Проще всего оспорить этот вывод, отвергнув саму посылку. Что и делают Дижон и Дюмениль, извлекая на свет фразу Мопассана, флоберовского конфидента и ученика, в которой говорится, будто Бувар и Пекюше – это «два довольно ясных, но ограниченных и простых ума». Дюмениль подчеркивает эпитет «ясных», но свидетельство Мопассана – и даже самого Флобера, если уж на то пошло, – никогда не убедит читателя, как сама книга, из которой так и рвется слово «болваны».
Со своей стороны рискну заметить, что оправдание «Бувара и Пекюше» лежит в плоскости эстетики и в принципе (или практически) не нуждается в четырех фигурах и девятнадцати модусах силлогизма. Одно дело – логическая строгость, и совсем другое – сила традиции, заставляющей почти безотчетно вкладывать главные слова в уста простаков и безумцев. Вспомним почтение, с которым к идиотам относится ислам, не забывающий, что их души – на небесах; вспомним и соответствующие места в Писании, гласящие, что Господь избрал немудрое мира, дабы посрамить мудрецов. А если кто-то предпочитает аргументы более земные, задумаемся над «Man-Alive»[3] Честертона, этой затмевающей все горой простодушия и бездной божественной премудрости, или об Иоганне Скоте Эриугене, который полагал, будто вернее всего звать Господа именем Nihil (Ничто) и «Он сам не ведает, что Он такое, поскольку не совместим ни каким „что“»… Правитель ацтеков Монтесума говорил, что у шута научишься скорее, чем у мудреца, ведь шут осмеливается говорить правду; Флобер (который, в конце концов, создавал не строгое доказательство, этакое Destructio Philosophorum[4] , а сатиру) поступил не вполне предусмотрительно, доверив свои последние сомнения и самые глубокие страхи двум сумасбродам.
Но брезжит еще один, более скрытый довод. Флобер был приверженцем Спенсера; в «First Principles»[5] наставника сказано: мир непознаваем уже по той совершенно достаточной и очевидной причине, что объяснить факт – значит свести его к другому, более общему, а этот процесс не имеет конца[6] или приводит к истине настолько общей, что мы не в силах свести ее ни к какой другой, то бишь не в силах объяснить. Наука – ограниченная сфера безграничного пространства; каждая новая вылазка разума присоединяет к этой сфере новую зону неизвестного прежде, но само по себе неизвестное неисчерпаемо. Флобер пишет: «Мы не знаем почти ничего и силимся угадать последнее слово, которого так и не услышим. Страсть искать окончательное решение – гнуснейшая и бесплоднейшая из маний». Искусство по необходимости прибегает к символам; самая гигантская сфера есть лишь точка в бесконечном пространстве, а два выживших из ума переписчика вполне могут представлять Флобера, Шопенгауэра и Ньютона.

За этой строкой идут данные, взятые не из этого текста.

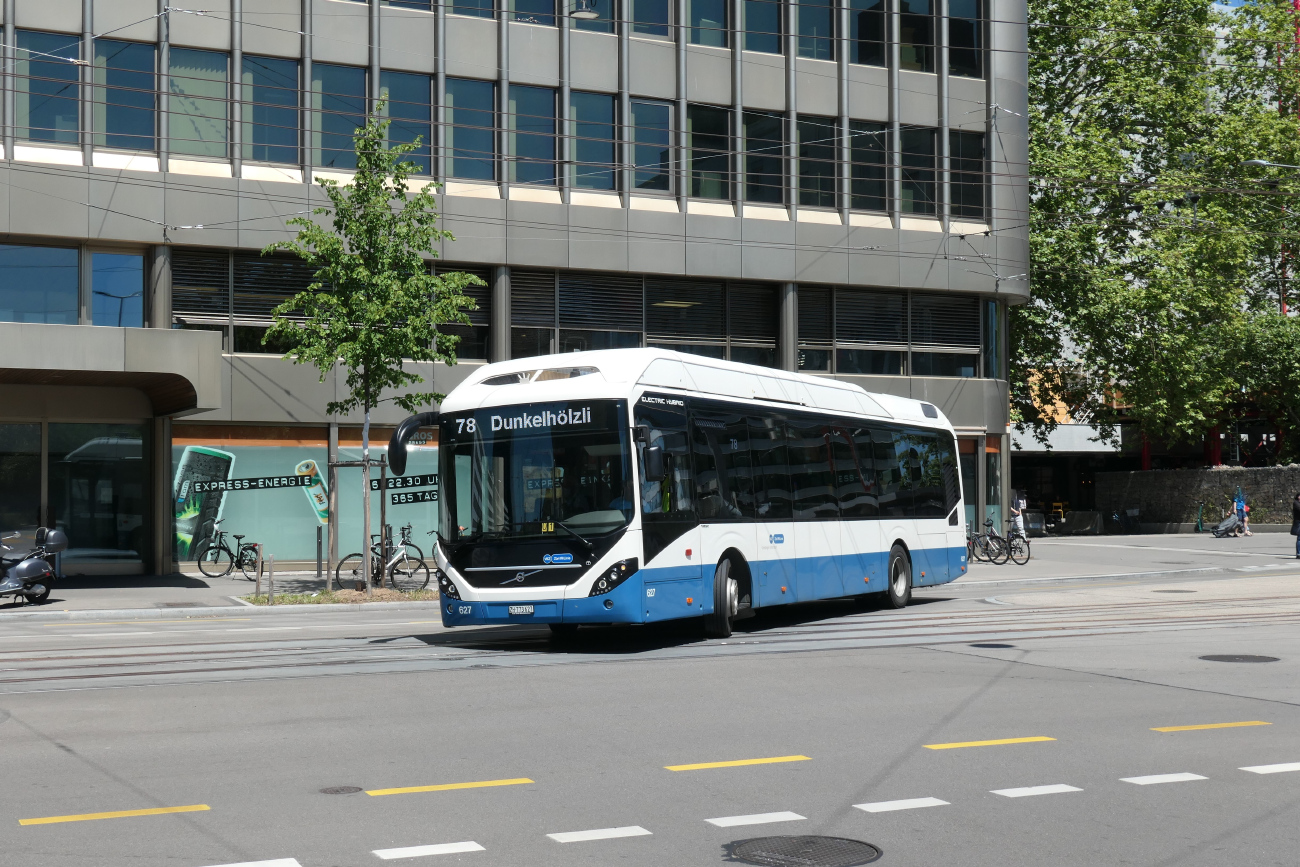 Zurych, Volvo 7900 Electric Hybrid # 627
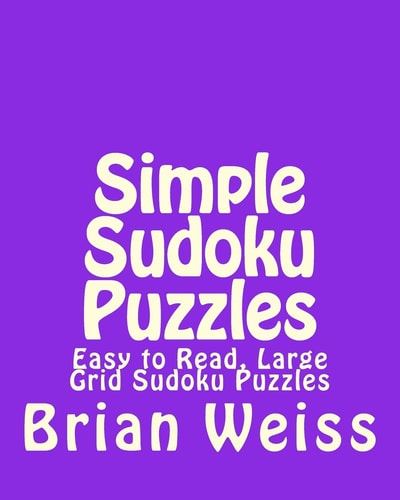 Simple Sudoku Puzzles Easy to Read, Large Grid Sudoku Puzzles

Тэн твердил Флоберу, что для его сюжета требуется перо восемнадцатого века, краткость и острота (le mordant) Джонатана Свифта. Может быть, он помянул Свифта, чувствуя сродство двух этих великих и грустных писателей. Оба неукоснительно и безжалостно преследовали человеческую глупость в любых ее формах оба доверили эту ненависть бумаге, год за годом собирая расхожие фразы и пошлейшие мнения; оба пытались сбить спесь с науки.